Geral
26 de Abril de 2021 às 11h59
Atuação do MPF em Uberlândia (MG) garante cancelamento das matrículas de estudantes da UFU que ocupavam irregularmente vagas destinadas a cotas raciais
Decisões judiciais afirmam que instituições de ensino têm o dever de assegurar que objetivo da lei seja alcançado, e isto implica impedir a ocupação das vagas por pessoas que não fazem parte do público a que se destinam
Arte: Secom/PGR
Uberlândia. A Justiça Federal manteve o cancelamento das matrículas de três alunas da Universidade Federal de Uberlândia (UFU), por elas estarem ocupando irregularmente as vagas destinadas ao sistema de cotas (não serem os verdadeiros beneficiários da política pública), autodeclarando-se negras ou pardas durante o processo seletivo para ingresso nos cursos de graduação.
As decisões foram proferidas em ações ajuizadas pelas próprias estudantes pedindo a anulação dos atos administrativos que determinaram seu desligamento da universidade. Inicialmente, o Juízo 2ª Vara Federal de Uberlândia (MG) havia concedido liminar determinando a suspensão dos efeitos desses atos, mas, no curso dos processos, o Ministério Público Federal (MPF) ingressou nos feitos e atuou para a manutenção das decisões proferidas pela universidade.
Com fundamento em julgados dos tribunais superiores, o Ministério Público Federal defendeu que a Administração Pública possui o poder de autotutela, em razão do qual pode anular atos administrativos eivados de ilegalidade (art. 53 da Lei n. 9.784/99), que é justamente o caso de matrículas feitas por pessoas que, ao burlarem o sistema de cotas, acabaram fraudando o próprio sistema de ingresso na universidade.
O Juízo Federal concordou com o MPF, e, revendo suas decisões anteriores, não só negou os pedidos feitos pelas estudantes, como reconheceu a legalidade do cancelamento das matrículas, por entender que “tratando-se de ato administrativo ilegal, a revogação não é mera faculdade, mas poder-dever da Administração Pública”.
Por meio do GT de Promoção da Igualdade Racial e Combate ao Racismo da PGR/PFDC e do Fórum Nacional de Cotas, o MPF em Uberlândia tem acompanhado os casos individuais de desvio na utilização das cotas raciais para acesso ao ensino superior e trabalhado pela implementação da política afirmativa como um todo, em articulação com outras entidades públicas e privadas que atuam no combate ao racismo institucional.
Os fatos – Gabrielle Maria Amélia Fuzato, que ingressou pelo sistema de cotas no curso de Medicina em 2017, declarou-se parda, porque, segundo ela, teria cabelos ondulados e nariz grande.
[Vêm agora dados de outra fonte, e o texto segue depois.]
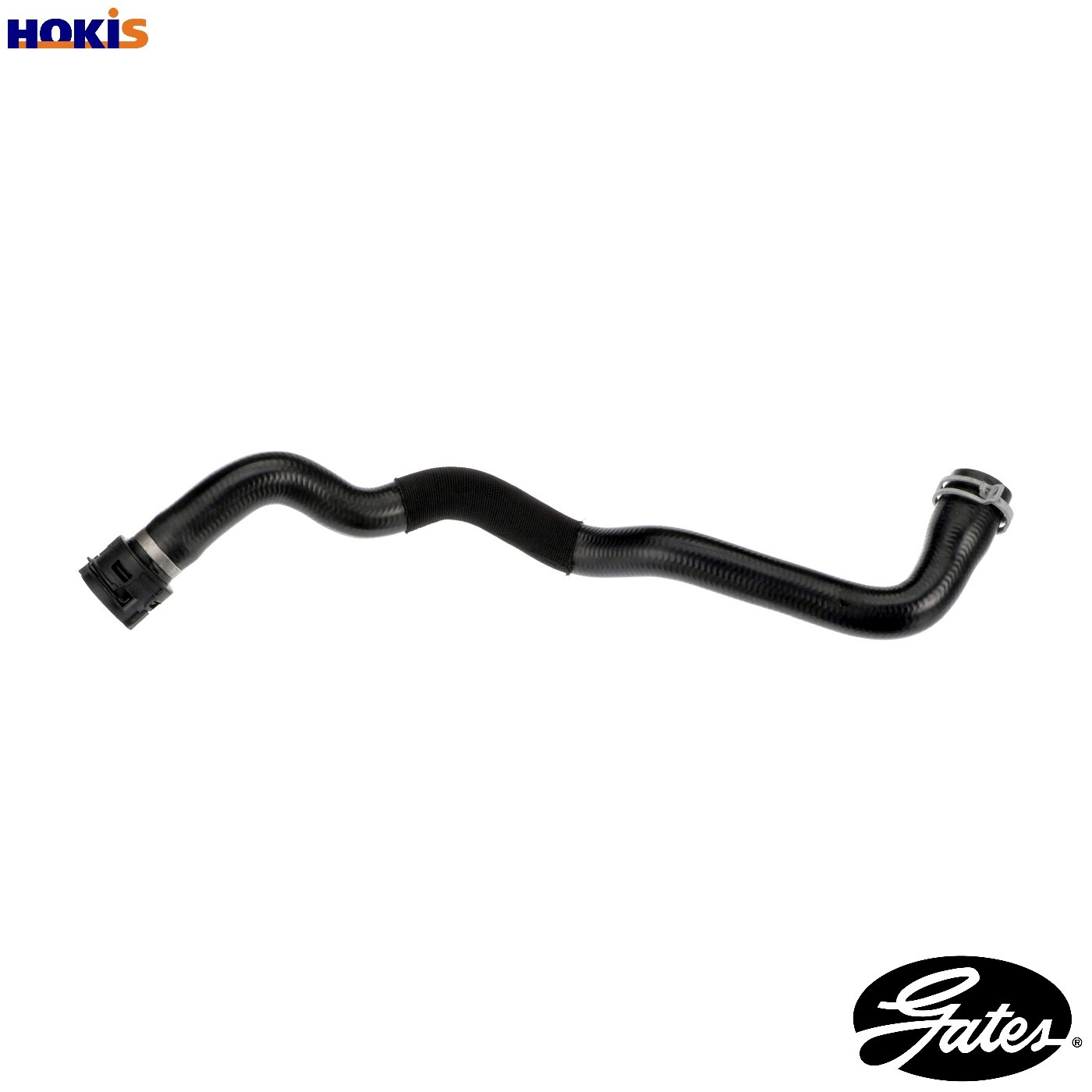 Radiator Hose fits CITROEN C3 1.2 Lower 2014 on HNZ(EB2DT) Coolant Gates Quality - Image 21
Ully Stheffany era aluna do curso de Medicina Veterinária e, ao prestar o concurso vestibular em 2015, autodeclarou-se “parda”, em função, segundo ela, de sua descendência e consanguinidade. Letícia Oliveira, aluna do curso de Engenharia Elétrica, prestou vestibular em 2014, quando também concorreu às vagas destinadas a cotas raciais, autodeclarando-se parda sob a alegação de que os traços da raça negra lhe teriam sido transmitidos por seus ancestrais.
Algum tempo depois, a UFU começou a receber denúncias de que vários de seus estudantes, entre eles, Gabrielle, Ully e Letícia, teriam feito falsas declarações para concorrer às vagas reservadas no sistema de cotas raciais, já que nenhuma delas possuía características fenotípicas do grupo racial ao qual haviam declarado pertencer.
Instaurados os respectivos procedimentos administrativos, os fatos foram analisados pela Comissão para Acompanhamento e Averiguação da Implementação das Cotas Raciais para Ingresso de Discentes na UFU, a qual, durante sua investigação, utilizou critérios fenotípicos para averiguar o grupo racial no qual se enquadrariam as estudantes.
As alunas foram intimadas e apresentaram defesa. Ao final, a Comissão decidiu que as três eram brancas, portanto, não se enquadrava nos critérios raciais que utilizaram para o ingresso na universidade. Em consequência, por violação às regras dos respectivos editais, foi determinado o cancelamento de suas matrículas.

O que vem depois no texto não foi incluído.